If you’re down to the last frontier of turning cash into a marginal gains, the Aero Optim miniature, modular wind tunnel system is for you. Comprised of 27″ x 27″ x 57″ fan blocks, a strain gauge platform, and the control station and software, you can build it only as small or big as you need it…
Designed and built by Japan Wind Tunnel Manufacturing, the Aero Optum system is an open-air wind tunnel that has the same air flow controls as a large scale, fixed tunnel. The fan is situated between grates that diffuse and straighten the airflow, normalizing the breeze across a space nearly equal to its footprint.
Meaning, if you have the three fans stacked as shown here (which is what they recommend for testing a single rider on a bike), you’d end up with a roughly 2′ x 6′ river of air flowing over you.
The fans can blow from 3.6km/h (2.2mph) up to 54km/h (33mph), simulating the full range of normal riding speeds. And, since they’re controlling it’s flow, they say wind speed is consistent across the entire cross section, like it would be out in the real world.
Getting the wind is only part of the package. You need to be able to measure the drag, and that’s where their strain gauge platform comes in. They say it’s strong enough to handle full power sprints, yet sensitive enough to detect changes as small as changing your jersey.
Equipped with axle mounts and a roller, it lets you sit on the bike normally and pedal. To measure your drag, you hold a position (pedaling or not) for 10 seconds while someone starts the test.
After 10 seconds, the data gets tallied into a bar graph on the right. For the test results shown above, the first position (#1 blue line) had ~5.3 N of drag. The second position (#2 blue line) had about ~5.5 N of drag. Their staff record, with one of their guys doing a full Superman position, achieved a ~2.4 N drag.
For reference, I sat on it in normal clothes with hands on the hoods and logged ~5.4 N, then rested my elbows on the aero drops and it dropped about 20%…which is a huge gain.
Since it’s modular, you can piece them together as needed, or just get one for small parts testing…though you’d still need some way of measuring drag if you wanted hard numerical data.

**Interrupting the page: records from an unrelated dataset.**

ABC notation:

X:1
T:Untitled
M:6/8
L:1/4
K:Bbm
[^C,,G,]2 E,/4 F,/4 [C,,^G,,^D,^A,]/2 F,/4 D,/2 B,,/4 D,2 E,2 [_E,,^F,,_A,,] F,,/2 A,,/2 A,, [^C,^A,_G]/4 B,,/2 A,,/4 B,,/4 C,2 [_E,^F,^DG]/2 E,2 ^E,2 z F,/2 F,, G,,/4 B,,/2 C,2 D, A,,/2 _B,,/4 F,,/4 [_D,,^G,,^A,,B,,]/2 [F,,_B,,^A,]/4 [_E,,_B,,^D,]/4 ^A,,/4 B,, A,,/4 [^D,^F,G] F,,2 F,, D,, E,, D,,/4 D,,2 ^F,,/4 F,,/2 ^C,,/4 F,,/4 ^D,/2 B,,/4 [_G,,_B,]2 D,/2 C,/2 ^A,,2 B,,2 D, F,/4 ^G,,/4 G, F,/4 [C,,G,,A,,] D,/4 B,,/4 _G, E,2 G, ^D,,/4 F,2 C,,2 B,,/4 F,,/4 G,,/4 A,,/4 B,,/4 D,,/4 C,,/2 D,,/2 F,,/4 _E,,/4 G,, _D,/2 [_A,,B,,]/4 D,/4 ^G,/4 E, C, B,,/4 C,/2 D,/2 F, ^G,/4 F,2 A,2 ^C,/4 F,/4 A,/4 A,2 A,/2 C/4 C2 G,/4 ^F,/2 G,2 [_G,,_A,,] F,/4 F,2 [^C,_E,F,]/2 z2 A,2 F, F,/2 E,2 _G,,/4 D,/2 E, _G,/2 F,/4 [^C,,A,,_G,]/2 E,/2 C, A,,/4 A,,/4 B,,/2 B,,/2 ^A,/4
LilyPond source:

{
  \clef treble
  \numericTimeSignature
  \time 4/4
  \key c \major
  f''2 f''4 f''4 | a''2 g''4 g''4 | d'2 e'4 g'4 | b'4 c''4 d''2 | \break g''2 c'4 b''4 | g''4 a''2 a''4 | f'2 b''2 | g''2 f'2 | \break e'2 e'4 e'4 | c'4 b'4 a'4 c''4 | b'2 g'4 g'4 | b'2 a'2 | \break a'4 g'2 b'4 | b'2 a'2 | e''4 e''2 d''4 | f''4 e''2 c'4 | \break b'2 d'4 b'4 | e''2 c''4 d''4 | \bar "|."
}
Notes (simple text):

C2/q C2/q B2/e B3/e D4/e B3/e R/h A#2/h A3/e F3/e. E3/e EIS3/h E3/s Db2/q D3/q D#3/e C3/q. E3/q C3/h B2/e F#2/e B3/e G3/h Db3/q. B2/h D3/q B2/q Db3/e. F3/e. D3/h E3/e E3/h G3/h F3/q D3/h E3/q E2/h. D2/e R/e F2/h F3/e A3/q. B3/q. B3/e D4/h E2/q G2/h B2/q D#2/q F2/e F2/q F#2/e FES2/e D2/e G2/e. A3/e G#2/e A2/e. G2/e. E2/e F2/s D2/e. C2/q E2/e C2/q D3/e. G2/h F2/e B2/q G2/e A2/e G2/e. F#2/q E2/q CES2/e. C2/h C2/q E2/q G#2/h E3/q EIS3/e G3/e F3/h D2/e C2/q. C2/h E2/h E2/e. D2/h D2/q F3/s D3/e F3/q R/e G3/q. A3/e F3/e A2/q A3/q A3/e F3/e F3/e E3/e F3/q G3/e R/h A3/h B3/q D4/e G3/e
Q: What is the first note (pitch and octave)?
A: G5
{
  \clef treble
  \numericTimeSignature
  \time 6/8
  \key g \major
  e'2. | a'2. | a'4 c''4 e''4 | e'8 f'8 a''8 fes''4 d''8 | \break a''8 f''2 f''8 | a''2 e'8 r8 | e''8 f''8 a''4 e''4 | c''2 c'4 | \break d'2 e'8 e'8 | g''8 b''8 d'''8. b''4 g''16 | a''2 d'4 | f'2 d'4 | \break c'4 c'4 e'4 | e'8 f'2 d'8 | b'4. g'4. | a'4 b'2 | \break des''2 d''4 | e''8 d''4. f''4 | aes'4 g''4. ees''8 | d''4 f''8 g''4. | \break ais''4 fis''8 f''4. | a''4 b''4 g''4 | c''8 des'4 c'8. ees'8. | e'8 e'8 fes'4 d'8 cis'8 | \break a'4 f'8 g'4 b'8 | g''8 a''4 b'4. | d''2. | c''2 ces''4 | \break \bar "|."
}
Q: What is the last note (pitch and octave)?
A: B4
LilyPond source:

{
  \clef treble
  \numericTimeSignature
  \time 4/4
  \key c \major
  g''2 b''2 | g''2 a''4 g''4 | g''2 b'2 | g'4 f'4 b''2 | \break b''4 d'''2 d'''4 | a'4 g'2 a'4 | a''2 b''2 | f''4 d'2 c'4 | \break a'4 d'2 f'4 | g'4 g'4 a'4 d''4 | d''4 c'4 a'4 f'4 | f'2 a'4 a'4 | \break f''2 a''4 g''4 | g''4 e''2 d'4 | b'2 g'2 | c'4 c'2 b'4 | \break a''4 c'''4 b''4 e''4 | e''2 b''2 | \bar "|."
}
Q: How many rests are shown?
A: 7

The setup shown with the full bike would retail for €220,000 (about $261,000 as of this story going live), excluding the bike. You’ll also need a bit of space for it, as they recommend at least 3m behind and beside it, a 4m ceiling height, and 5m distance in front of the fans (where the bike is).
While the cost and space makes it a bit impractical for most, we could see some bike shops in triathlon-heavy and affluent markets being able to amortize this into their business model. Regardless of whether it’s as accurate as a normal wind tunnel, the data is still valuable for anyone trying to optimize their bike setup, kit, and riding position. Or just have a cool story to tell after they’ve run out of ways to bring up their Ironman race.